Przed sezonem KS Królewscy Płock zmierzyli się w meczu sparingowym z DAF Płońsk. Porażka w tamtym meczu nie miała żadnego znaczenia, bo był on m.in. sprawdzianem założeń taktycznych i formy, którą piłkarki wypracowały przez okres przygotowawczy. W niedzielę natomiast tym dwóm drużynom przyszło walczyć o ligowe punkty na stadionie miejskim w Płońsku.
Obydwie połowy były podobne do siebie. Płocczanki próbowały przedostać sie pod bramkę DAFu wieloma składnymi podaniami, by na końcu wykorzystać słabości przeciwnika. Płońszczanki natomiast starały się dostarczyć piłkę do swojej środkowej napastniczki, w której umiejętnościach pokładały nadzieje na dobry wynik. W 17.minucie Królewscy przegrywali 1:0. Po dośrodkowaniu z lewej strony, piłkę ręką w polu karnym zagrała Julia Mikołajewska, sędzia podyktował rzut karny, który został skutecznie wykorzystany przez zawodniczkę gospodyń. Pomarańczowe nie podłamały się wydarzeniami na boisku i jak najszybciej ruszyły do odrabiania strat. Udało się to już 4 minuty później. Również po zagraniu ręką jednej z zawodniczek DAFu, efektywnie i efektownie rzut wolny z 18 metrów wykonała Daria Kusa doprowadzając do remisu. Do końca pierwszych 40 minut każda ze stron miała jeszcze okazje do zdobycia goli, jednak uderzenia były niecelne lub skutecznie broniły bramkarki.
Od początku drugiej połowy spotkania inicjatywa zdecydowanie należała do zawodniczek w pomarańczowych koszulkach. Co i raz na bramkę płońszczanek sunęły ich ataki. Kilka z nich kończyło się bardzo dobrymi okazjami jednak żadna nie przyniosła szczęśliwego zakończenia. W 54.minucie gola Królewskim przyniósł stały fragment gry. Po dośrodkowaniu Aleksandry Kujawskiej z rzutu rożnego, Julia Mikołajewska skierowała głową piłkę do bramki przeciwnika. Piłkarki z Płocka do końca spotkania kontrolowały grę, chociaż nie ustrzegły się drobnych błędów, które musiała naprawiać wychodząca szybko z bramki Marta Hućko.

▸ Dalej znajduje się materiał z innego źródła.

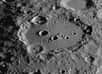 Très prisé par les amateurs d'observations lunaires, le cratère Clavius est l'un des plus spectaculaires et des plus faciles à observer. Une très belle image d'un astronome amateur français nous le dévoile.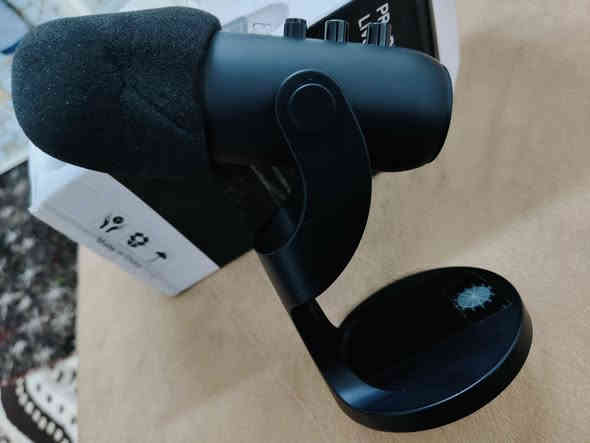 مايكروفون عدد 2 غير مستخدم  ابيع شلع الي يريدهن يتفضل خاص ويدلل او يتصل ***********
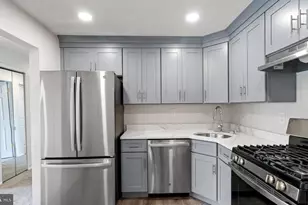 42 Mendrey Ct, Trenton, NJ 08648 - Photo 1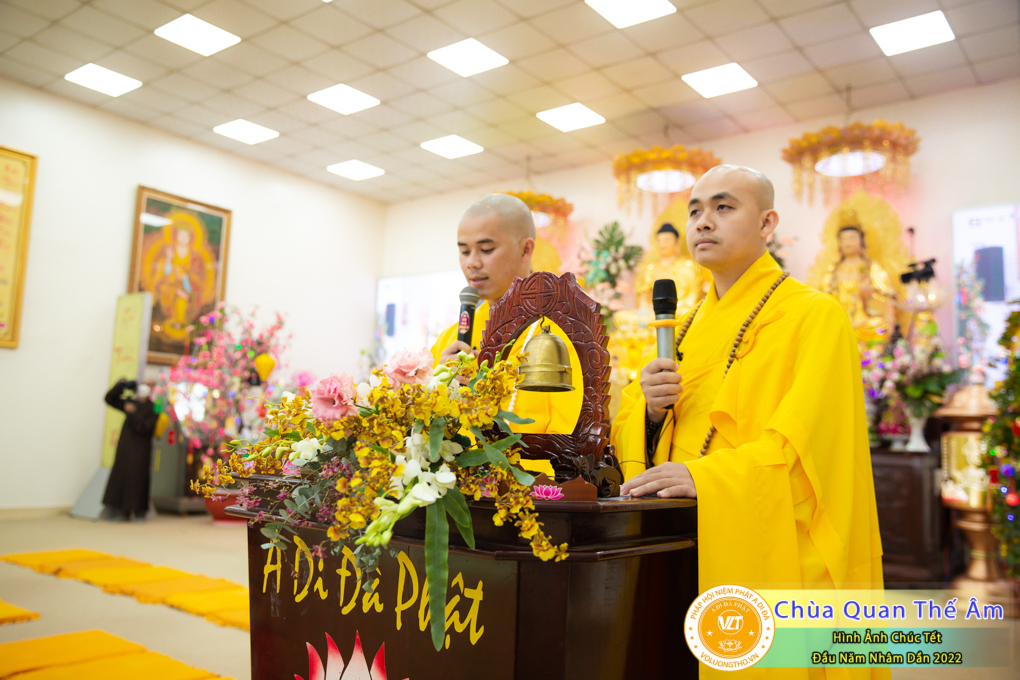 hinh-anh-chuc-tet-dau-nam-nham-dan-2022-chua-quan-the-am-duc-trong-lam-dong-22.jpg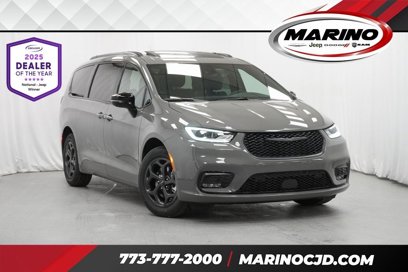 New 2025 Chrysler Pacifica Premium
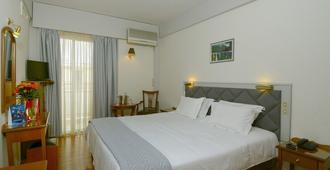 Hotel Nefeli - Volos - Schlafzimmer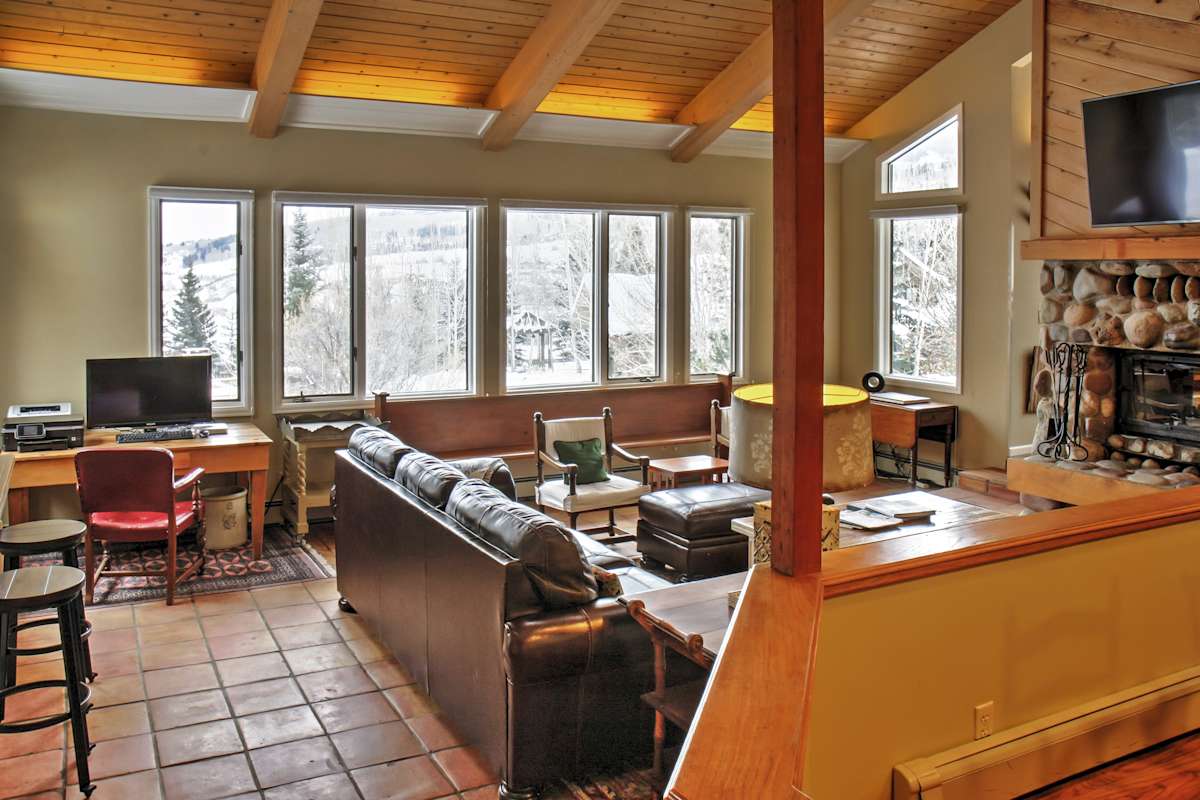 4BR Snowmass house w/ Private Hot Tub and Views!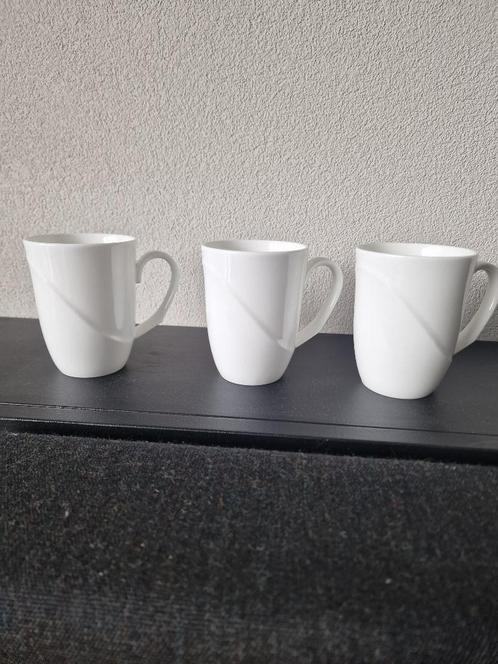 Wedgwood Solar bekers mokken, Huis en Inrichting, Keuken | Servies, Zo goed als nieuw, Wedgwood, Porselein, Ophalen of Verzenden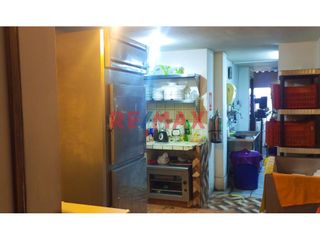 Foto 9 de Se Traspasa Restaurant En Local De 200M2 Av. Villaran Surquillo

Za tydzień Królewskich czeka mecz z wiceliderem tabeli, Wilgą Garwolin. Zapraszamy na trybuny Stadionu Miejskiego w Płocku w sobotę o godzinie 10.
DAF Płońsk – KS Królewscy Płock 1:2 (1:1)
Skrót meczu:
KS Królewscy Płock: Marta Hućko, Kinga Sławińska, Anna Wojtkowska, Daria Przybysz, Julia Mikołajewska, Klaudia Łyzińska, Daria Kusa (77. Wiktoria Wiączek), Klaudia Stradomska, Aleksandra Kujawska (68. Natalia Romanowska), Julia Nowak (63. Dominika Janicka), Wiktoria Zielińska (55. Julia Korga)
Julia Korga (obrończyni Królewskich): Uważam, że był to dobry mecz w naszym wykonaniu. Szkoda, że popełniliśmy błąd we własnym polu karnym, który kosztował nas stratę bramki. Pokazałyśmy się z dobrej strony, grałyśmy odważnie i spokojnie, dzięki czemu nie pozwoliłyśmy przeciwniczkom długo gościć na naszej połowie i potrafiłyśmy utrzymać się przy piłce. Stwarzałyśmy niezłe sytuacje, nasza gra była płynna i dokładna. Mam nadzieję, że smak wygranej pozostanie z nami już do końca sezonu.
Julia Nowak (napastniczka Królewskich ): Dostałam nowe zadanie, zagrałam na nowej dla siebie pozycji. Myślę, że poradziłam sobie dobrze, chociaż wiem, że powinnam być trochę bardziej odważna i oddawać więcej strzałów na bramkę. Liczy się to, że poprawiłyśmy naszą grę od ostatniego spotkania z drużyną z Płońska, wyciągnęłyśmy z trenerem wnioski i cały czas pracujemy nad naszymi umiejętnościami. To był dobry mecz, kiedy straciłyśmy bramkę z rzutu karnego nie poddałyśmy się, głowy pozostały w górze, to bardzo ważne. Wspierałyśmy się razem podczas gry, zaczynamy tworzyć coraz lepszą drużynę.